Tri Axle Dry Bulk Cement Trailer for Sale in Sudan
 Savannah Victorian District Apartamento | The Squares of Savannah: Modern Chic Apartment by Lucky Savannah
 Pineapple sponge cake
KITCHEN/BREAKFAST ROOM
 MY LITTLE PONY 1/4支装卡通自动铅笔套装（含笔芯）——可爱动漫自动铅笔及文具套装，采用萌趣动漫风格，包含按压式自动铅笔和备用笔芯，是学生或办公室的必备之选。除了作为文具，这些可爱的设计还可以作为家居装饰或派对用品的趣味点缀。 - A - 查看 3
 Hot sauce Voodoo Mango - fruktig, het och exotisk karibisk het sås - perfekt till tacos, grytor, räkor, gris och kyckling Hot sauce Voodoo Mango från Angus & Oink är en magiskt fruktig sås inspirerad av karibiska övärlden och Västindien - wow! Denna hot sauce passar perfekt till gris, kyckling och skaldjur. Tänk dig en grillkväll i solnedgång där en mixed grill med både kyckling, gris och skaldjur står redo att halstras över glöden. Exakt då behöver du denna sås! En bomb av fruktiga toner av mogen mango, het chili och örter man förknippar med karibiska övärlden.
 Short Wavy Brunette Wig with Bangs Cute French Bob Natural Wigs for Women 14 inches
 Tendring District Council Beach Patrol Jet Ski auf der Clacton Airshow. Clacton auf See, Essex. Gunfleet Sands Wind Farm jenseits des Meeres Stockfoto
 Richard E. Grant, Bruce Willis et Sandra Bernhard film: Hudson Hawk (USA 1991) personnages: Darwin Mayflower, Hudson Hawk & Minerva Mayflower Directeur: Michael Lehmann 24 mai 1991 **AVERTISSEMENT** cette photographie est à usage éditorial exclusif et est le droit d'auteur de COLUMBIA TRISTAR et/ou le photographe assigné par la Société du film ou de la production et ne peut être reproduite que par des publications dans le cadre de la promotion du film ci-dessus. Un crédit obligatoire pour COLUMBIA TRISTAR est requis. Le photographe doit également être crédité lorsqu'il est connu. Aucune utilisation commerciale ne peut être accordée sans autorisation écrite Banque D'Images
—————
Word for word, restate the entries from the first line to the line that has "MY LITTLE PONY", both included, and nothing else.

Tri Axle Dry Bulk Cement Trailer for Sale in Sudan
 Savannah Victorian District Apartamento | The Squares of Savannah: Modern Chic Apartment by Lucky Savannah
 Pineapple sponge cake
KITCHEN/BREAKFAST ROOM
 MY LITTLE PONY 1/4支装卡通自动铅笔套装（含笔芯）——可爱动漫自动铅笔及文具套装，采用萌趣动漫风格，包含按压式自动铅笔和备用笔芯，是学生或办公室的必备之选。除了作为文具，这些可爱的设计还可以作为家居装饰或派对用品的趣味点缀。 - A - 查看 3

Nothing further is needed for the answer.